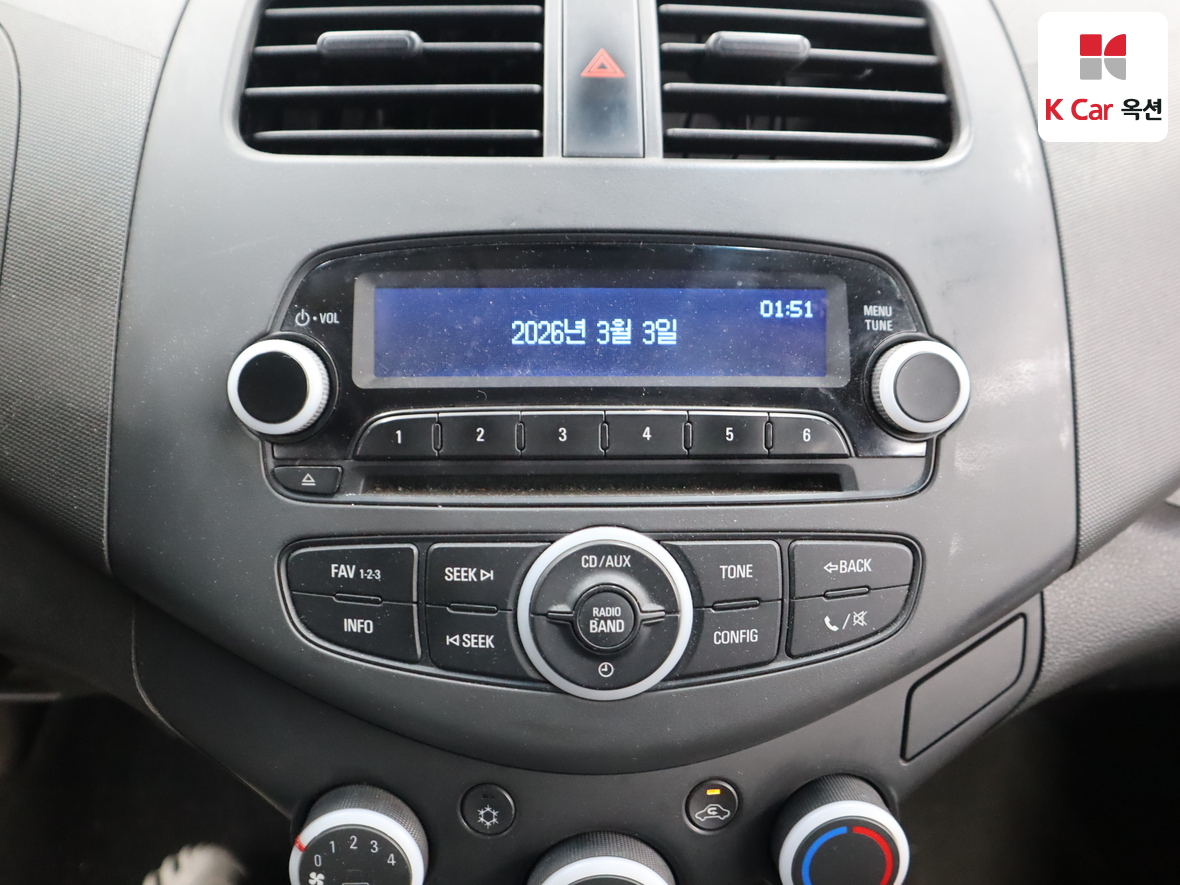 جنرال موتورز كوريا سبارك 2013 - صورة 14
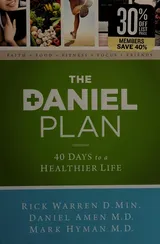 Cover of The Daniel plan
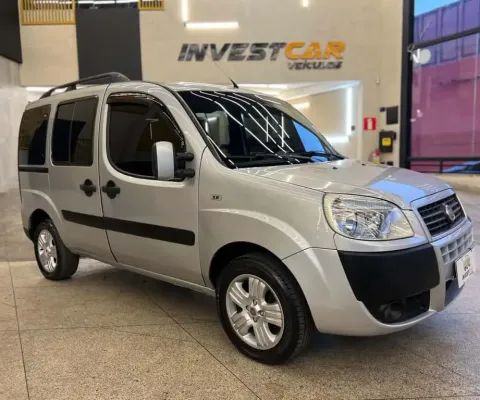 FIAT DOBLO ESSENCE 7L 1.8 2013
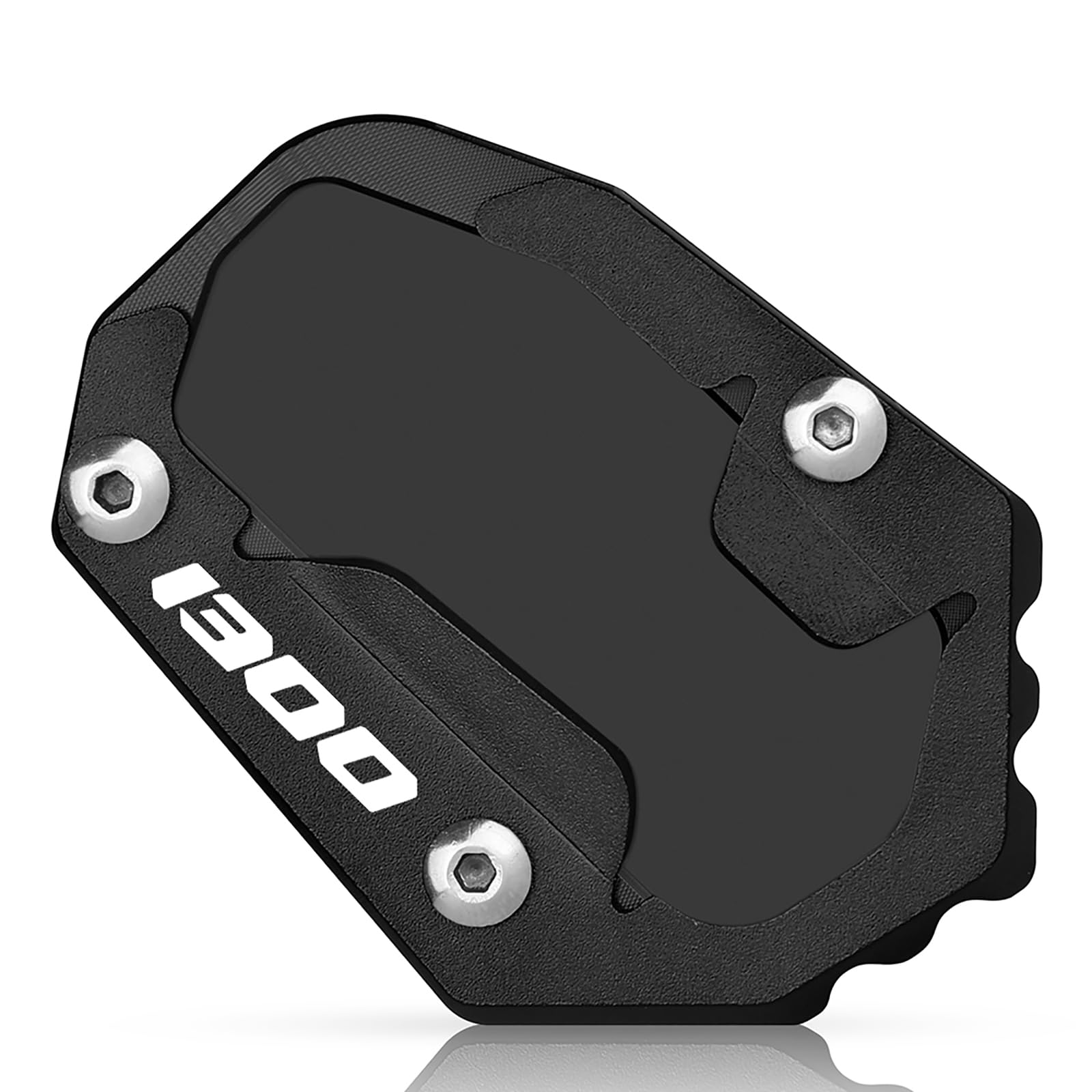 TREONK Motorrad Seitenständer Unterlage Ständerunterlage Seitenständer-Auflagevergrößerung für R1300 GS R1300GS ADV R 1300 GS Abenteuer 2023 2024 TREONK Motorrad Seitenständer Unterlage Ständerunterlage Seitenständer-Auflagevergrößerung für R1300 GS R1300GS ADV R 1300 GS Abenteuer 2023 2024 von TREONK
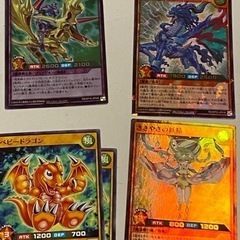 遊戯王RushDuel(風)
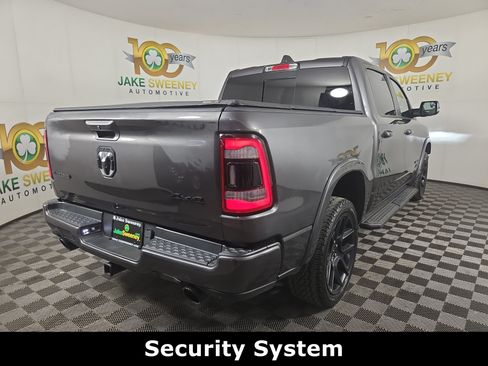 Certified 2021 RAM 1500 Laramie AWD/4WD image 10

▬▬▬▬▬▬▬▬▬▬

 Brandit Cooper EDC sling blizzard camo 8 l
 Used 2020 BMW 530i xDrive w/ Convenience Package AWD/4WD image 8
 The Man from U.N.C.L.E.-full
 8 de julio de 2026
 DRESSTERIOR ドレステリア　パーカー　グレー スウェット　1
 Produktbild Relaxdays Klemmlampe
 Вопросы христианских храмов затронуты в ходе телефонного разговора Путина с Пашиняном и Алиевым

▬▬▬▬▬▬▬▬▬▬

- **What needs to be done**:
Your answer is the exact run of lines above from the one with "جنرال موتورز كوريا سبارك 2013 - صورة 14" through the one with "FIAT DOBLO ESSENCE 7L 1.8 2013", both ends included, minus any picture.

- **Finished exercise**:
 جنرال موتورز كوريا سبارك 2013 - صورة 14
 Cover of The Daniel plan
 FIAT DOBLO ESSENCE 7L 1.8 2013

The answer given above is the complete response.